* [Data provided]:

-*-

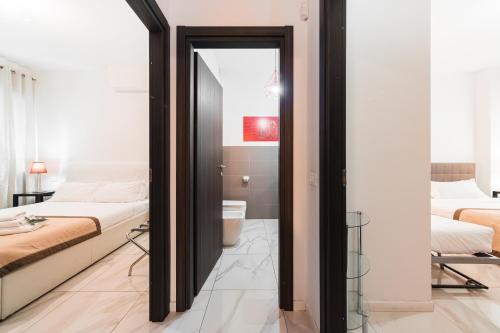 Ένα ή περισσότερα κρεβάτια σε δωμάτιο στο Grand Central Room
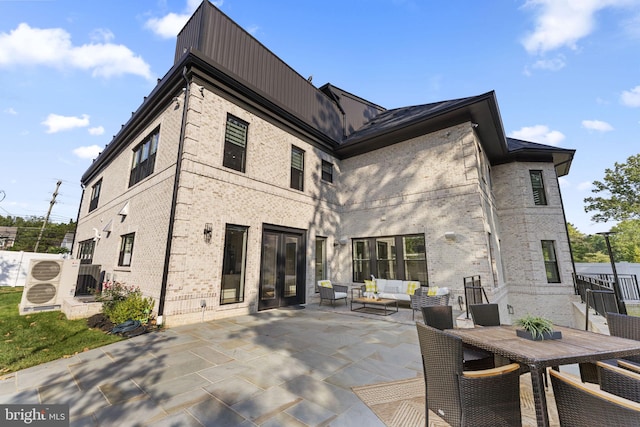 back of house featuring an outdoor living space and a patio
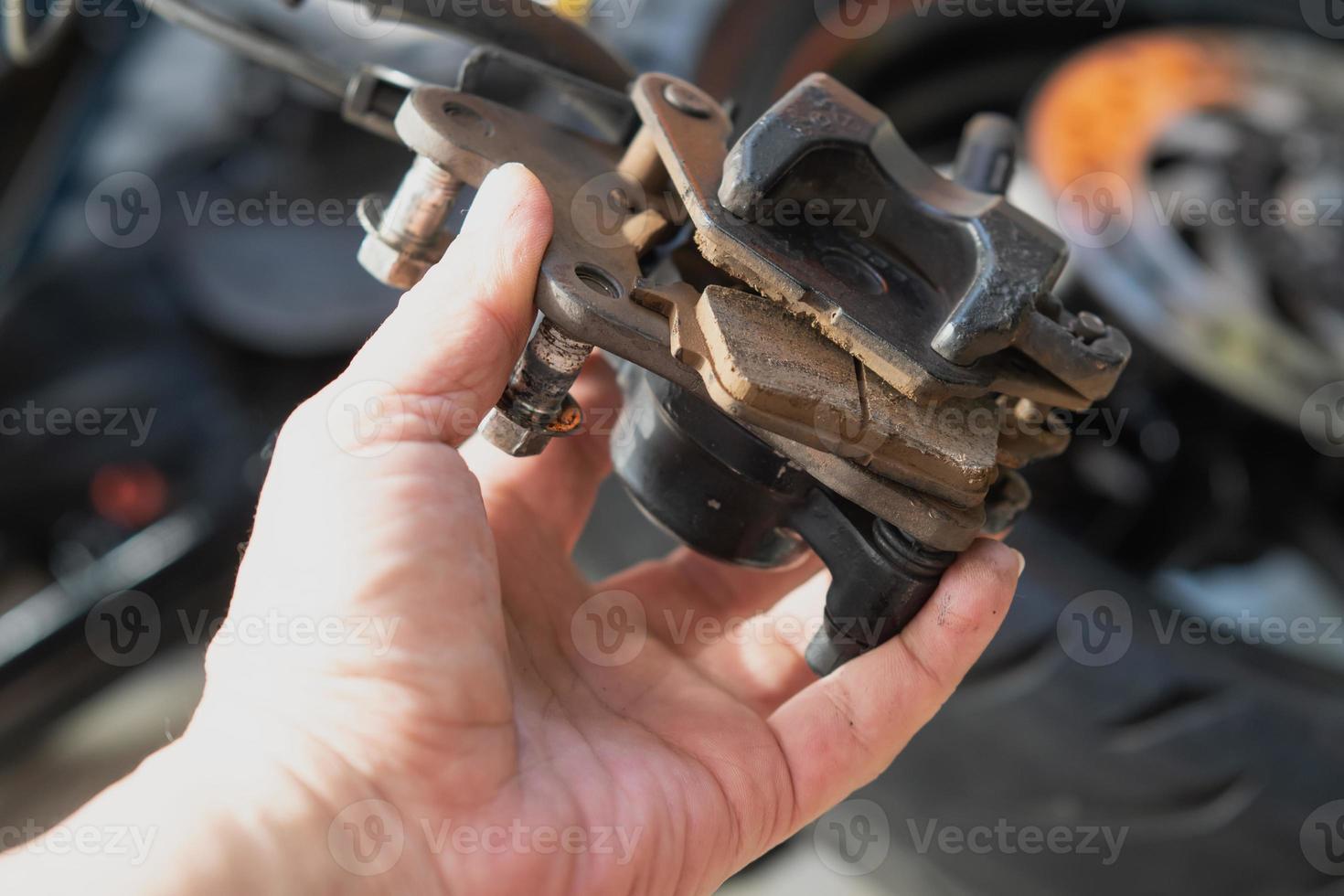 Mechanic check and replace motorcycle Brake system, brake pad , working in garage .repair and maintenance motorcycle concept .selective focus photo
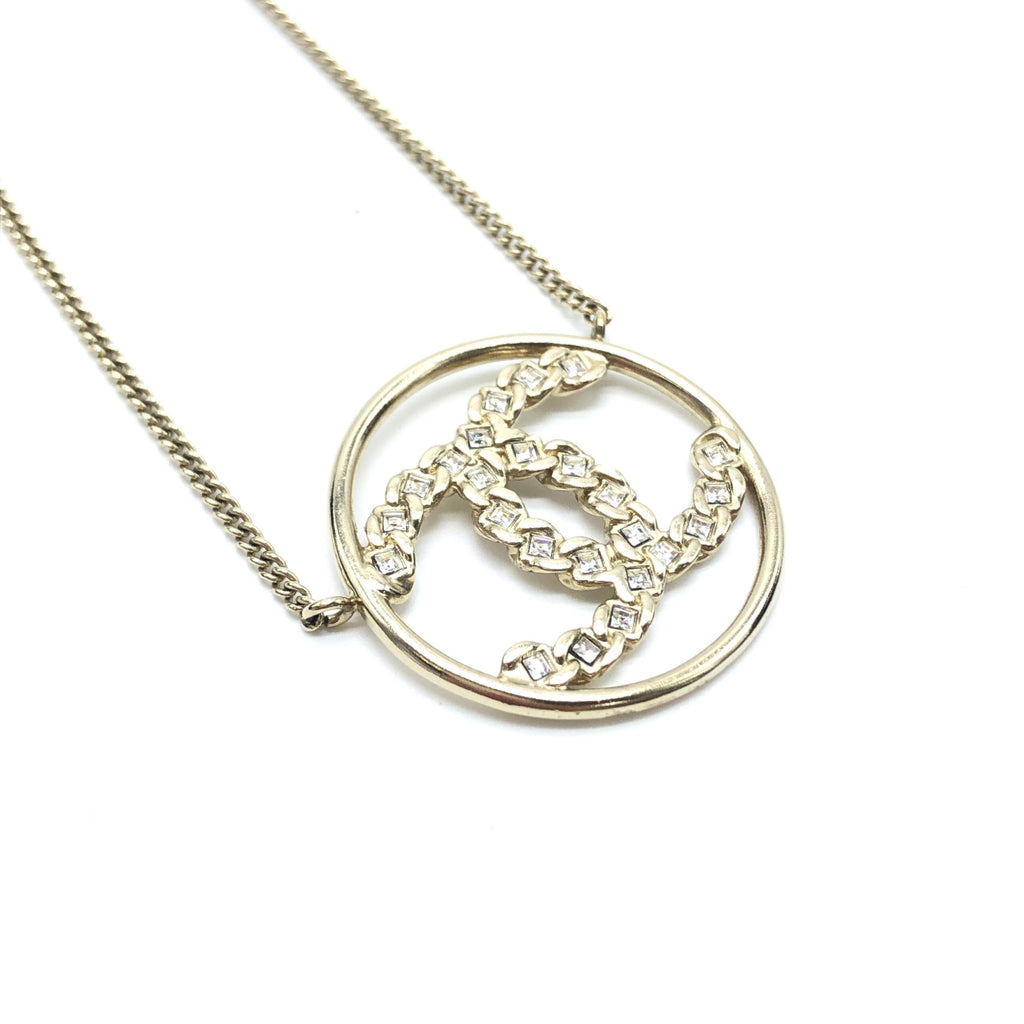 Collana con pendente tondo a doppia C color oro Chanel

-*-

* [Brief]: Quote, please, every line of the material above from its start through the line that has "Mechanic check and", reproducing the words exactly and dropping any images.

* [Task solution]:
 Ένα ή περισσότερα κρεβάτια σε δωμάτιο στο Grand Central Room
 back of house featuring an outdoor living space and a patio
 Mechanic check and replace motorcycle Brake system, brake pad , working in garage .repair and maintenance motorcycle concept .selective focus photo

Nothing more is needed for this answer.